Why did memory prices spike late in the year?

Why did memory prices spike late in the year?

November 25, 2025
Source: Investing.com

Investing.com -- Memory prices have surged in recent months as AI workloads force hyperscalers to buy far more DRAM and NAND than expected.

Demand tied to AI is more complex than a broad data center buildout. Instead, software changes and model architecture shifts are creating a step change in how much memory each GPU consumes, pulling more DRAM and NAND into every cluster.

One driver is new versions of Nvidia’s CUDA software, which let GPUs tap larger pools of memory across an entire system. Features in CUDA 12.8 and 13.0 allow models to treat GPU and CPU memory as one unified space, making oversubscription easier and encouraging developers to allocate far larger working sets.
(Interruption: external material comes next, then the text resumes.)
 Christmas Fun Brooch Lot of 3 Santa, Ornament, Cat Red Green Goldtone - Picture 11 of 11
That means AI servers need more DRAM and more SSD capacity in the background to support paging and storage of model data.
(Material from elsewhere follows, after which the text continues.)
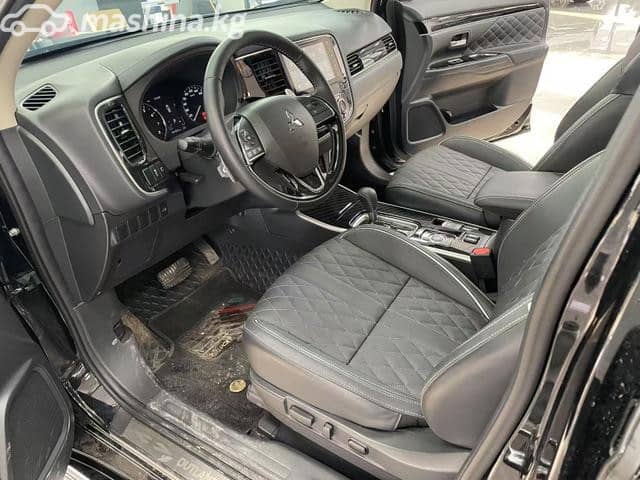 Mitsubishi Outlander IV 2.5 CVT 4WD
The rapid expansion of context windows in large language models is another major shift. As models process inputs running into hundreds of thousands of tokens, memory becomes the main bottleneck.
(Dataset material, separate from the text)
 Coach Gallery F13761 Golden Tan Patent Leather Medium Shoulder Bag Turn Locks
These longer sequences require significantly more VRAM to hold intermediate data, and when that overflows, the system must offload to host RAM or SSDs. Hyperscalers have adopted this hierarchy at scale, using NVMe drives as an extension of system memory.

Longer contexts also require higher throughput from storage. Reading large prompts in real time and supporting many users at once demand fast, high capacity NAND.

Modern inference workloads involve frequent random reads across model parameters and databases, which SSDs handle far better than hard drives. This is pushing cloud providers to expand flash-based storage pools built on high performance NAND.

BofA analysts say improvements in CUDA and new attention algorithms reduce some memory overhead but ultimately enable larger workloads.

As GPUs handle longer sequences, the underlying systems must support more data streaming in from SSDs. Multi GPU designs also play a role by spreading massive models and contexts across many accelerators, which increases pooled memory needs and pushes more data to flash.

Broader electronics markets have also rebounded at the same time AI demand has tightened supply, creating a “super cycle” for memory.

With PC, phone and traditional data center spending recovering, the surge in NAND and DRAM tied to AI has left inventory thin and driven prices sharply higher.